#### Exercise description:
Where an entry holds an image, leave the image out; otherwise reproduce the entry exactly.

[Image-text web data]
__________________________________________________

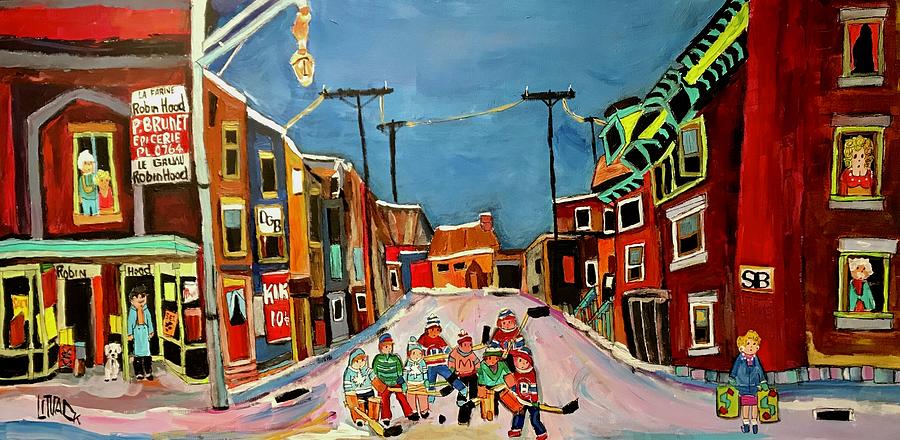 Street Hockey St. Elizabeth/dela Gauchetiere 1949 Painting by Michael Litvack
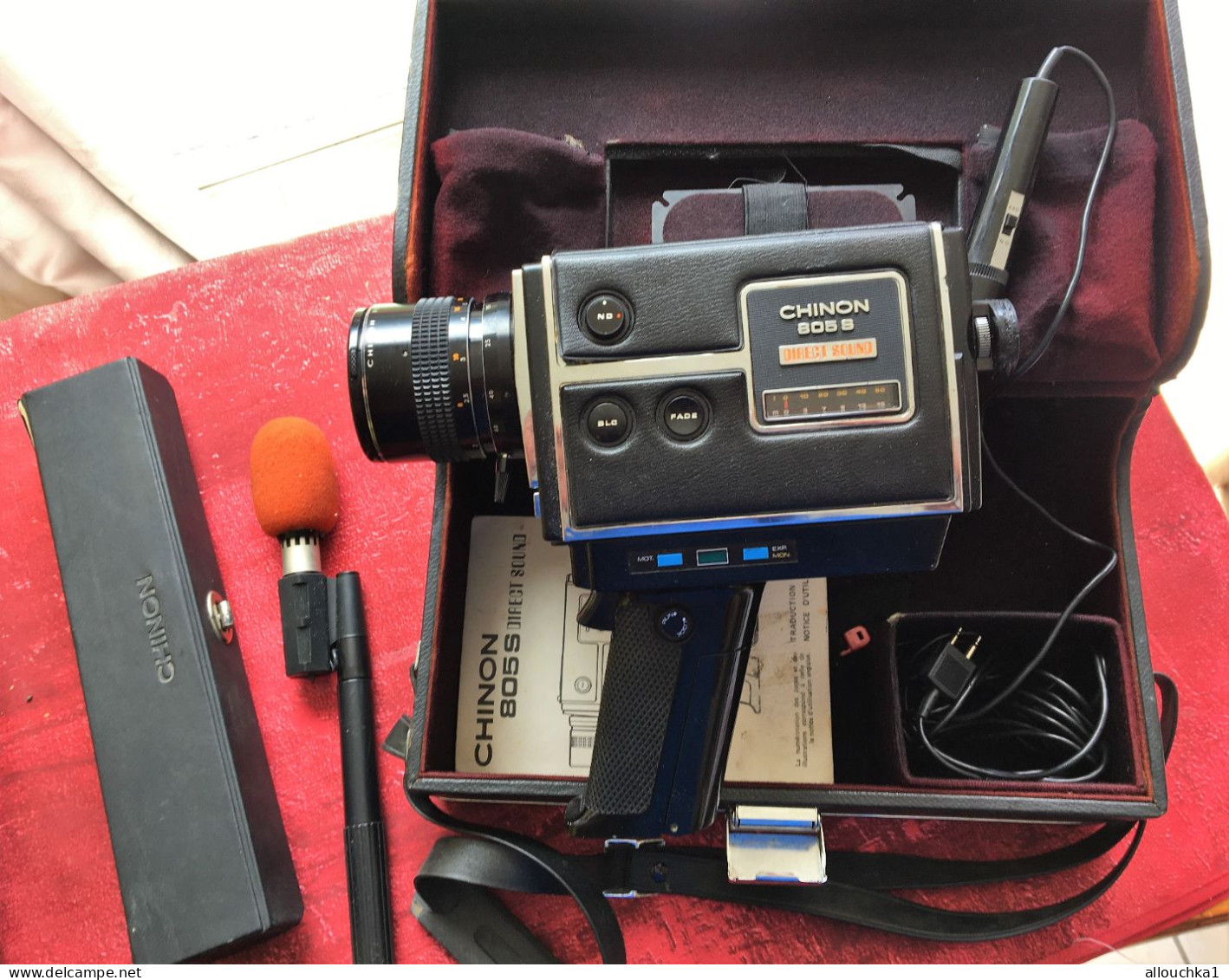 État De Fonctionnement Appareil Photo Camera Chinon 805 S Direct Sound Super 8 Movie Camera, 1975's + Sacoche + 2 Micros - Fototoestellen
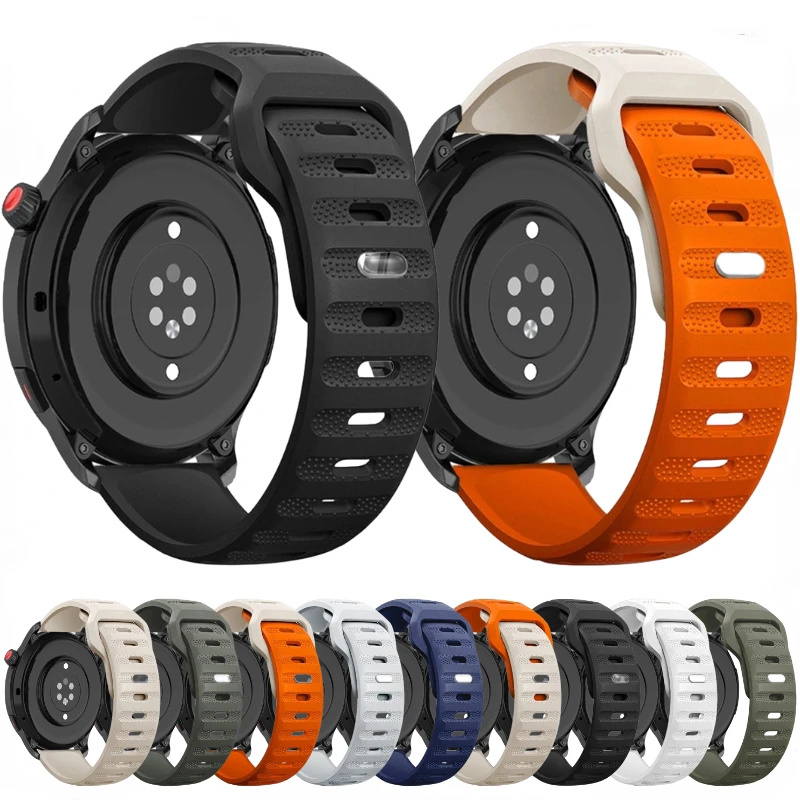 

20mm 22mm Silicone Strap For Samsung Galaxy Watch 5/4 40mm 44mm Huawei Watch 3/GT3/Pro Breathable bracelet band Amazfit GTR/GTS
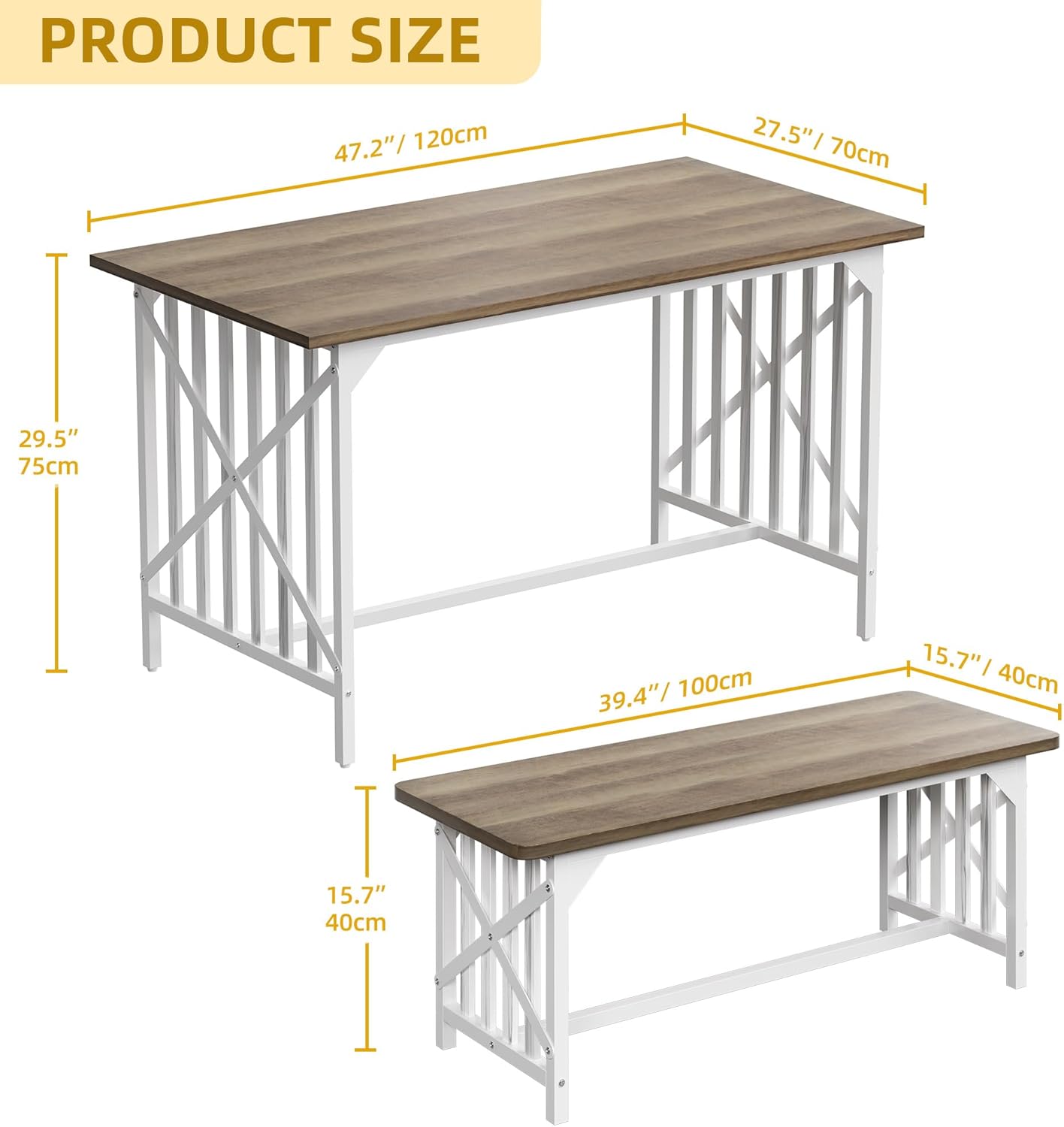 DWVO 3-Piece Kitchen Table with 2 Bench 47.2 Inch Dining Table Set for 4 People Bench Dining Table Set Industrial Rectangular Dining Room Table Set with Storage for Kitchen Dining Room Grey
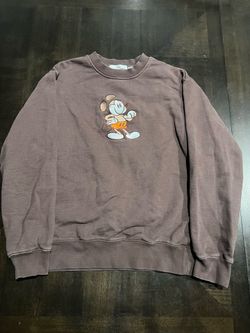 Disney Mickey Mouse Embroidered Logo Brown Fleece Crewneck Sweatshirt Men M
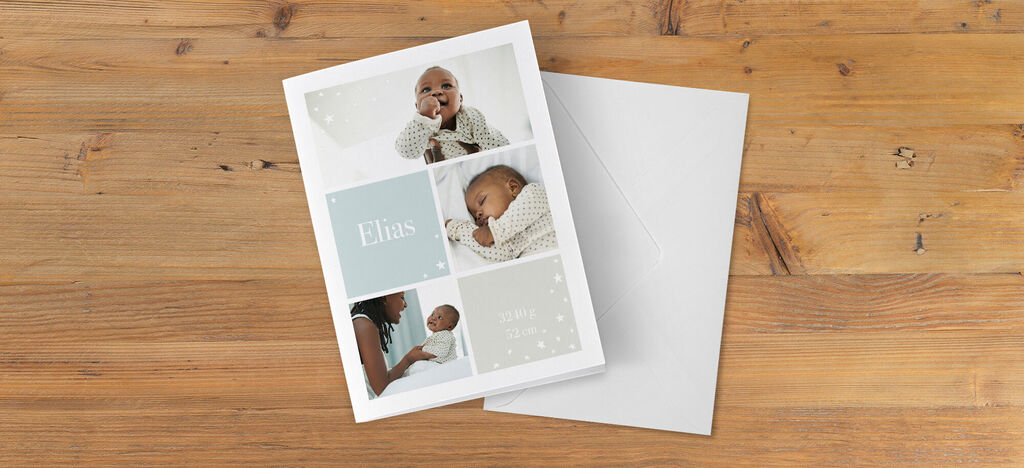 Een lieve kaart met foto's van een baby en moeder, in zachte kleuren met schattige tekst.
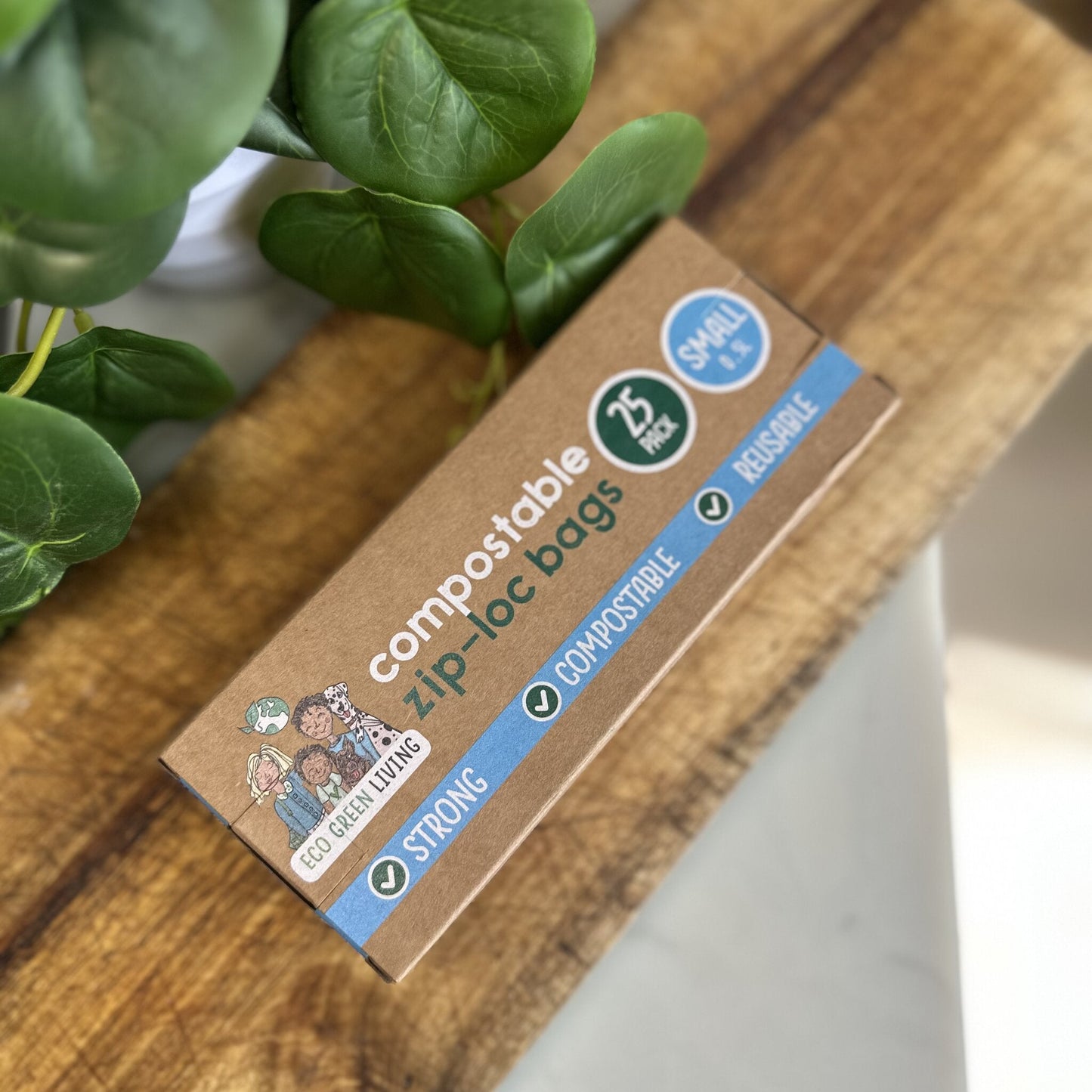 Compostable Resealable Zip Lock Bags Small | 0.5 Litre (25 bags) - EcoGreenLiving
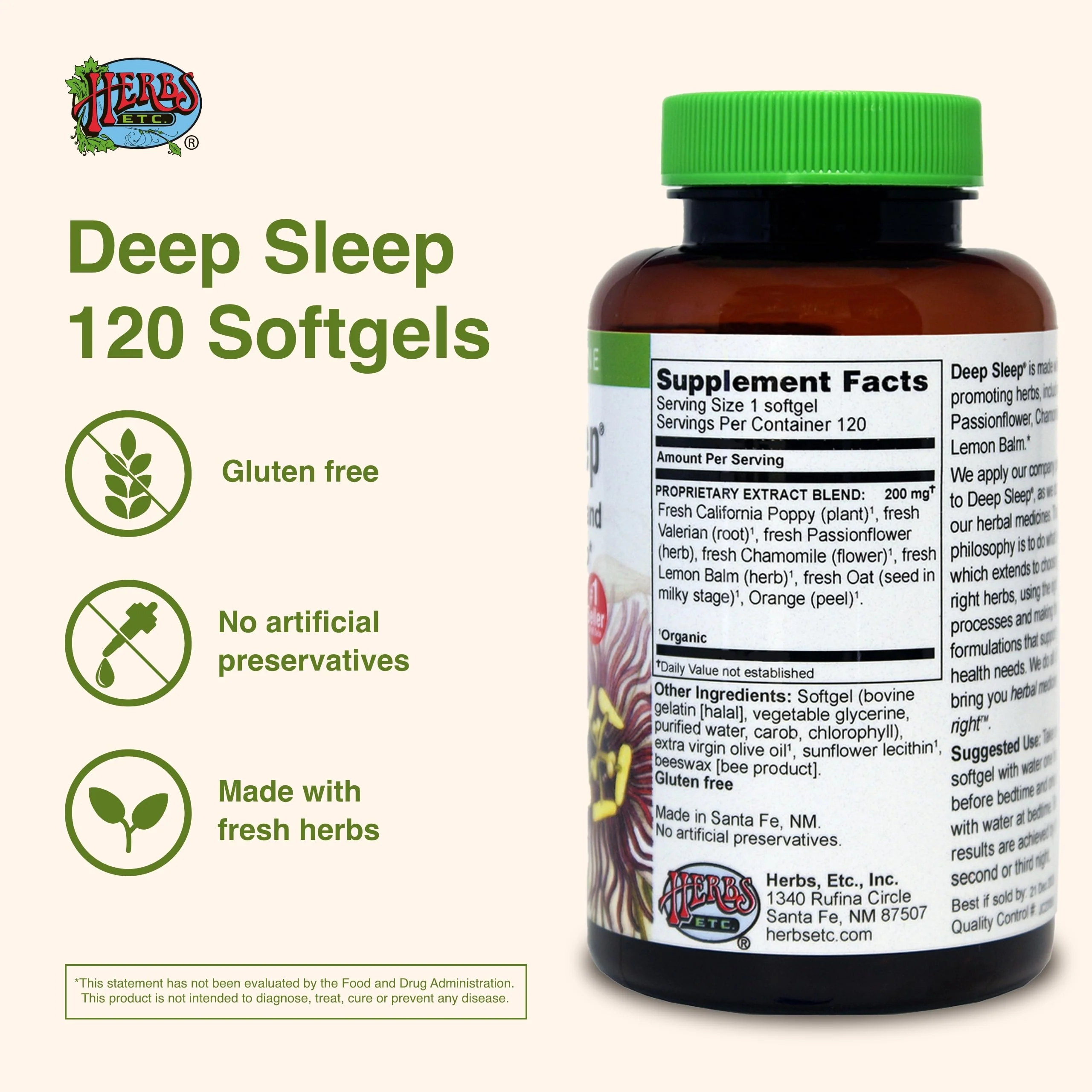 Herbs Etc. Deep Sleep Softgels – Herbal Sleep Support with Passionflower, Chamomile & Lemon Balm – 120 Softgels (2 Pack) - Image 3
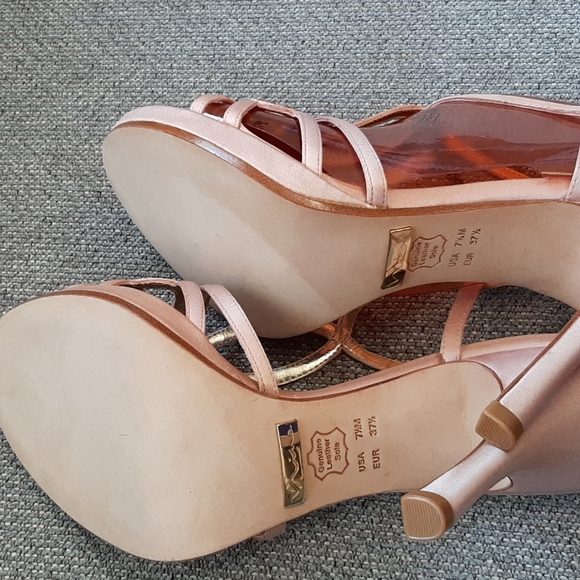 NIB Women's Light Pink Nina High Heel, Open Toe Dress Shoes, Rhinestones, Sz 7.5 - Picture 7 of 8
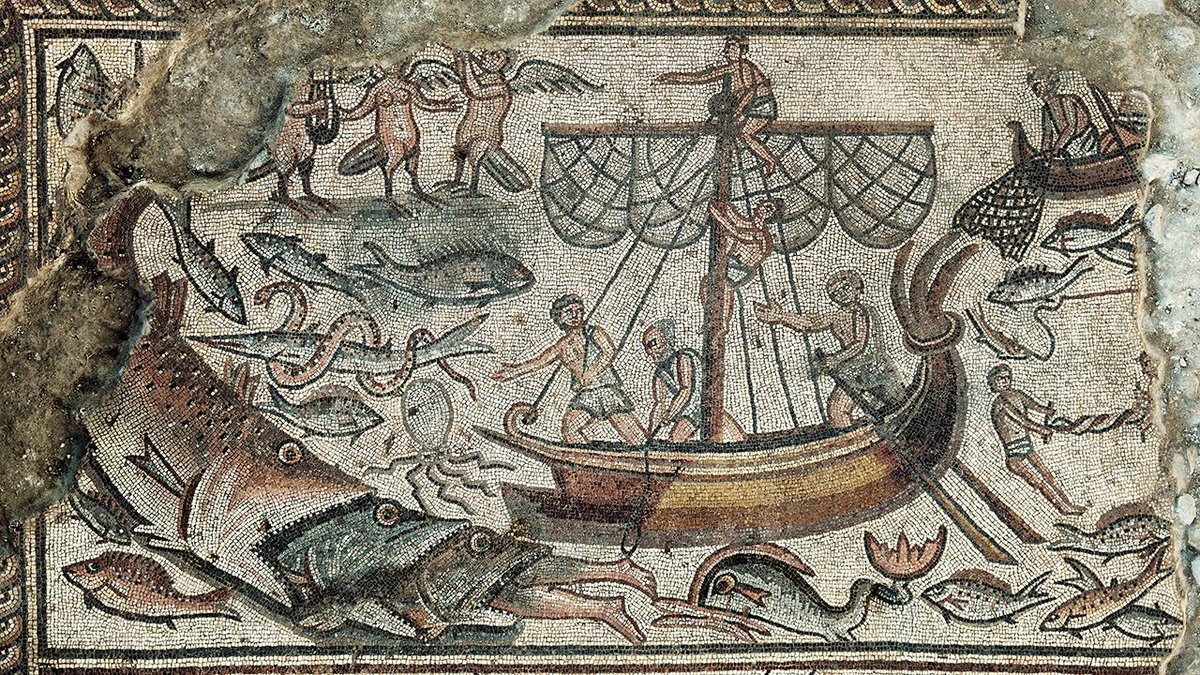A team headed by Prof. Jodi Magness from the University of North Carolina has uncovered a mosaic from a 5th century synagogue in Huqoq, Galilee. It's very rare for ancient Jewish art to depict people and non-Biblical scenarios, so this discovery is quite stunning.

__________________________________________________

#### Completed task:
 Street Hockey St. Elizabeth/dela Gauchetiere 1949 Painting by Michael Litvack
 État De Fonctionnement Appareil Photo Camera Chinon 805 S Direct Sound Super 8 Movie Camera, 1975's + Sacoche + 2 Micros - Fototoestellen

20mm 22mm Silicone Strap For Samsung Galaxy Watch 5/4 40mm 44mm Huawei Watch 3/GT3/Pro Breathable bracelet band Amazfit GTR/GTS
 DWVO 3-Piece Kitchen Table with 2 Bench 47.2 Inch Dining Table Set for 4 People Bench Dining Table Set Industrial Rectangular Dining Room Table Set with Storage for Kitchen Dining Room Grey
 Disney Mickey Mouse Embroidered Logo Brown Fleece Crewneck Sweatshirt Men M
 Een lieve kaart met foto's van een baby en moeder, in zachte kleuren met schattige tekst.
 Compostable Resealable Zip Lock Bags Small | 0.5 Litre (25 bags) - EcoGreenLiving
 Herbs Etc. Deep Sleep Softgels – Herbal Sleep Support with Passionflower, Chamomile & Lemon Balm – 120 Softgels (2 Pack) - Image 3
 NIB Women's Light Pink Nina High Heel, Open Toe Dress Shoes, Rhinestones, Sz 7.5 - Picture 7 of 8
A team headed by Prof. Jodi Magness from the University of North Carolina has uncovered a mosaic from a 5th century synagogue in Huqoq, Galilee. It's very rare for ancient Jewish art to depict people and non-Biblical scenarios, so this discovery is quite stunning.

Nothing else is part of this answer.